Background:  High-altitude winds (200 to 800m) are faster and more consistent around the world, but inaccessible to conventional wind turbine technology. Controlled kites can be used to harness this energy and produce less of a footprint than a wind tower. Wind tower height is limited by structural strength. The higher they are built, the larger bending moment from the wind. A tethered system only needs to withstand a tension force. Current kite power systems rely on precision GPS tracking and other on-kite instrumentation to provide feedback to the controller. An alternative is to use a maneuverable, single-line, tension-controlled kite. These kites, unlike common multiple line kites, have stable and unstable states that are toggled between by changing the tether tension. A flyer constantly changes the length of the tether to control the kite.  Above critical tension the kite flexes and flies straight. Below critical tension the kite is unstable and spins about the tether. The principal goal of our research is to understand the dynamics and achieve automatic control of such a kite. We use a combination of physics-based numerical models and experimental testing. The single-line maneuverable kite could reduce overall complexity and cost of a power generating system. The removal of on-kite sensors makes the kites expendable and eliminates the difficulties of data transmission and powering the on-kite sensors.
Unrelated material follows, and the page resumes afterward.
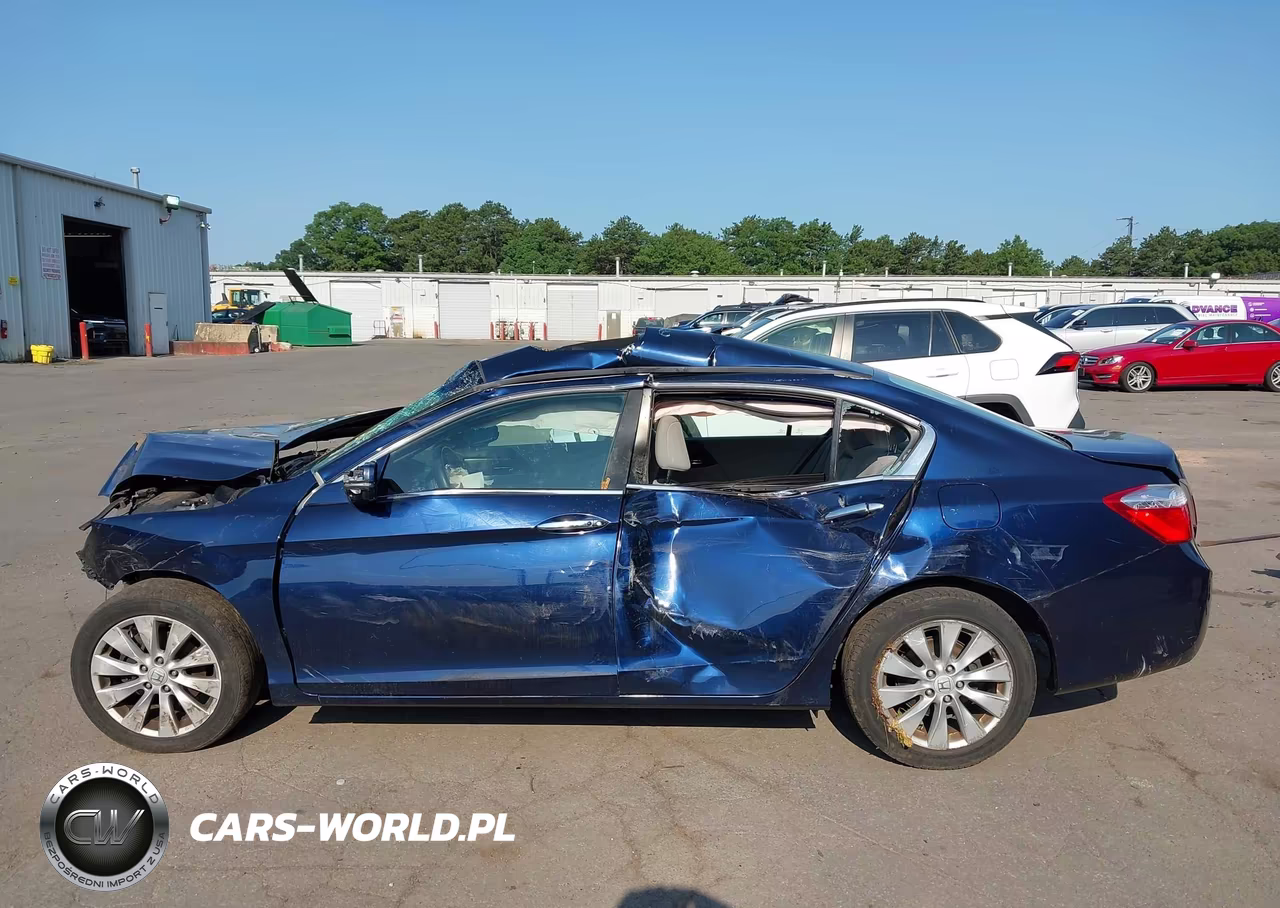 2015 Honda Accord Ex VIN:1HGCR2F76FA038890 - 14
Methods:        A numerical simulation of a simplified three-dimensional, three degree-of-freedom system has been created to predict the motion of the kite under applied control of the tether. The simulation uses explicit numeric integration routines to approximate the solution of the set of coupled non-linear governing equations of motion. Control algorithms are initially tested using the simulation before testing on the experimental test bed.

Experimental validation is currently underway. A three axis load cell test bed is under construction and will provide the controller with the magnitude and direction of the tether tension. The encoder on the drive motor will determine tether length. Velocity feedback will be used to control the kite.

Results:           Initial simulation shows that the kite tracks to a stable position while in the high tension state, which has also been validated by manual flight of the existing kites in extreme wind conditions. Manually flying the kite, and subsequent video analysis, has provided guidance in improving simulation parameters such as spin rate and direction.

Conclusions:  The goal of this research is to achieve automated, sustained flight of a naturally unstable kite system and to better understand the system as a whole. This base knowledge can be built on to better understand, control, and design kite power systems. Experienced human flyers can expertly maneuver these kites with precision from hundreds of feet solely by changing the tension in the tether. The potential exists to produce a low cost, renewable energy source that can be implemented around the world.